+++ Records supplied

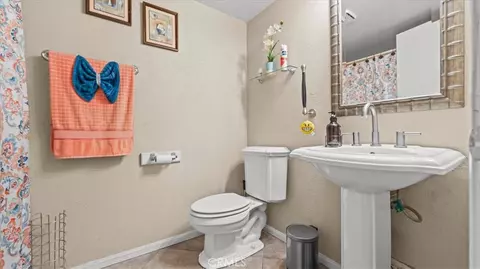 Bath - 1860 Coolidge St, Corona, CA 92879 photo 3 of 3
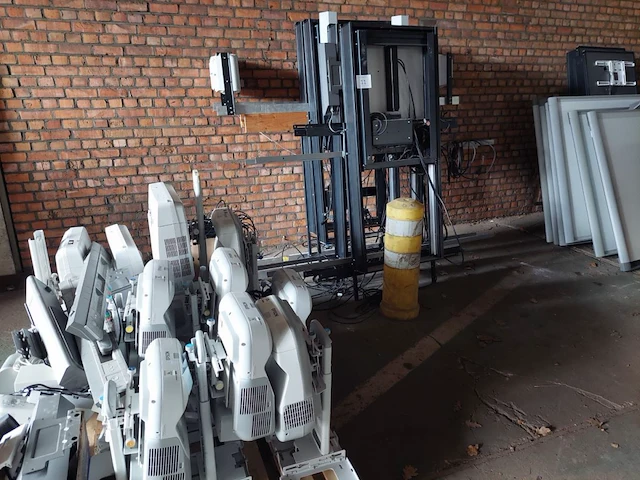 1 lot digitale schoolborden - afbeelding 1 van  10
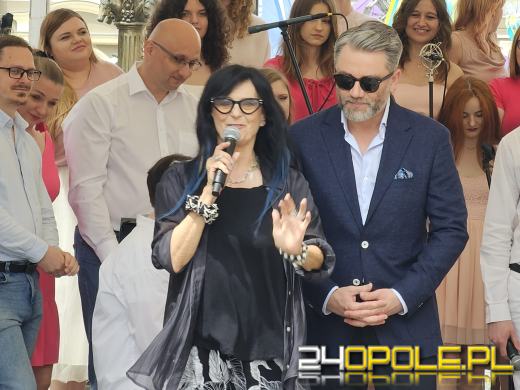 Opolski Rynek z nowymi gwiazdami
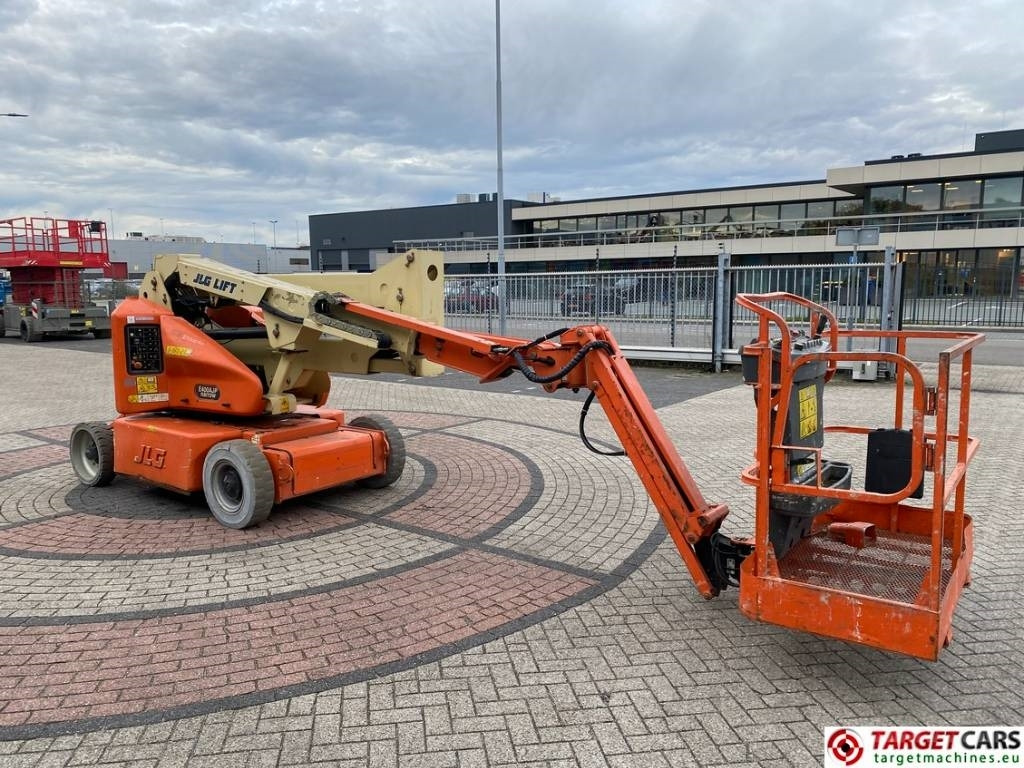 JLG E400AJPN Jib Plus Articulated Electric BoomLift - Plataforma articulada: foto 2 JLG E400AJPN Jib Plus Articulated Electric BoomLift - Plataforma articulada: foto 2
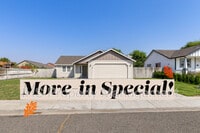 Building Photo - 5204 Desert Dove Loop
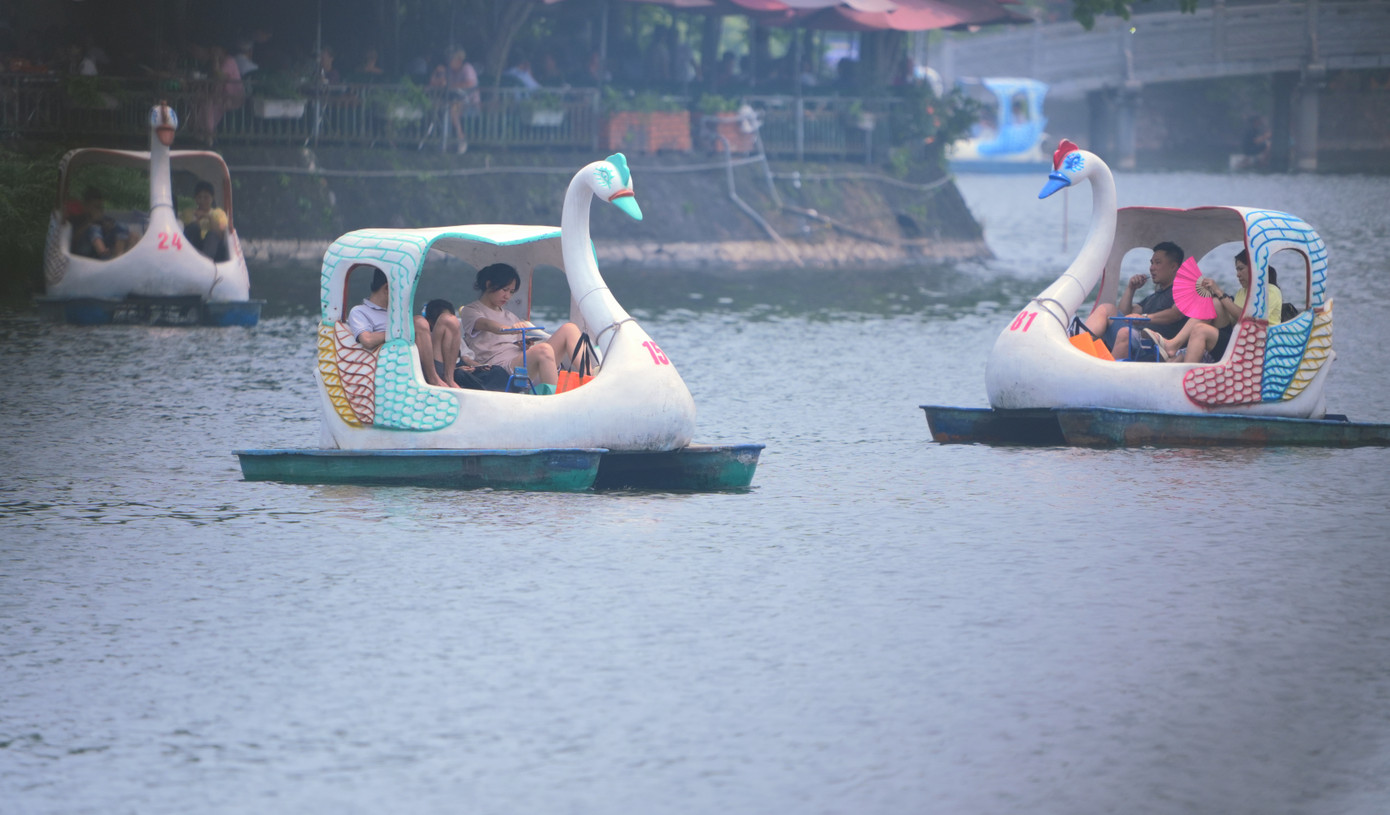 Một số khu vui chơi ngoài trời bắt đầu thu hút người dân, du khách tới chơi.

++++++

Your goal> From the data above, retype only the lines starting with the line with "1 lot digitale" and going on through the line with "2 JLG E400AJPN", exactly, leaving out the pictures.

Answer box>
 1 lot digitale schoolborden - afbeelding 1 van  10
 Opolski Rynek z nowymi gwiazdami
 JLG E400AJPN Jib Plus Articulated Electric BoomLift - Plataforma articulada: foto 2 JLG E400AJPN Jib Plus Articulated Electric BoomLift - Plataforma articulada: foto 2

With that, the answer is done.